Scientists suspected that water played a critical role in the phenomenon, perhaps similar to the way concrete darkens when wet and returns to its original color when dry.
But that was just an educated guess.
Lujendra Ojha, a graduate student at the Georgia Institute of Technology, turned to an instrument on the orbiter that identifies types of molecules by which colors of light they absorb. But this instrument, a spectrometer, is not as sharp as the camera, making it hard to zoom in on readings from the narrow streaks, a few yards across at most.
“We had to come up with new techniques and novel ways to do analysis of the chemical signature,” said Mr. Ojha, the lead author of the Nature Geoscience article.

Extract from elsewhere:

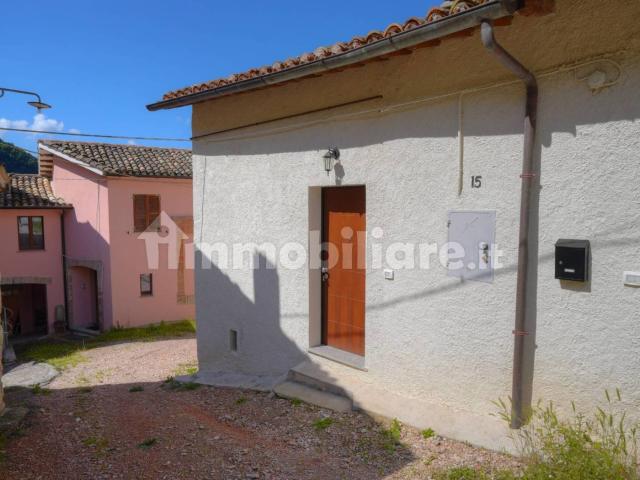 Quadrilocale frazione Valdiea, Camerino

The researchers were able to identify the telltale sign of a hydrated salt at four locations. In addition, the signs of the salt disappeared when the streaks faded. “It’s very definitive there is some sort of liquid water,” Mr. Ojha said.
The perchlorate salts lower the freezing temperature, and the water remains liquid. The average temperature of Mars is about minus 70 degrees Fahrenheit, but summer days near the Equator can reach an almost balmy 70.
Many mysteries remain. For one, scientists do not know where the water is coming from.
“There are two basic origins for the water: from above or from below,” Dr. McEwen said. The perchlorates could be acting like a sponge, absorbing moisture out of the air, but measurements indicate very low humidity on Mars — only enough for 10 microns, or about 1/2,500th of an inch, of rain across the planet if all of the wetness were wrung out of the air.
That idea cannot be ruled out if the lower part of the atmosphere turns out more humid than currently thought.
“We have very poor measurements of relative humidity near the surface,” Dr. McEwen said.
The other possibility is underground aquifers, frozen during winter, melting during summer and seeping to the surface.
Liquid water is considered one of the essential ingredients for life, and its presence raises the question of whether Mars, which appears so dry and barren, could possess niches of habitability for microbial Martians.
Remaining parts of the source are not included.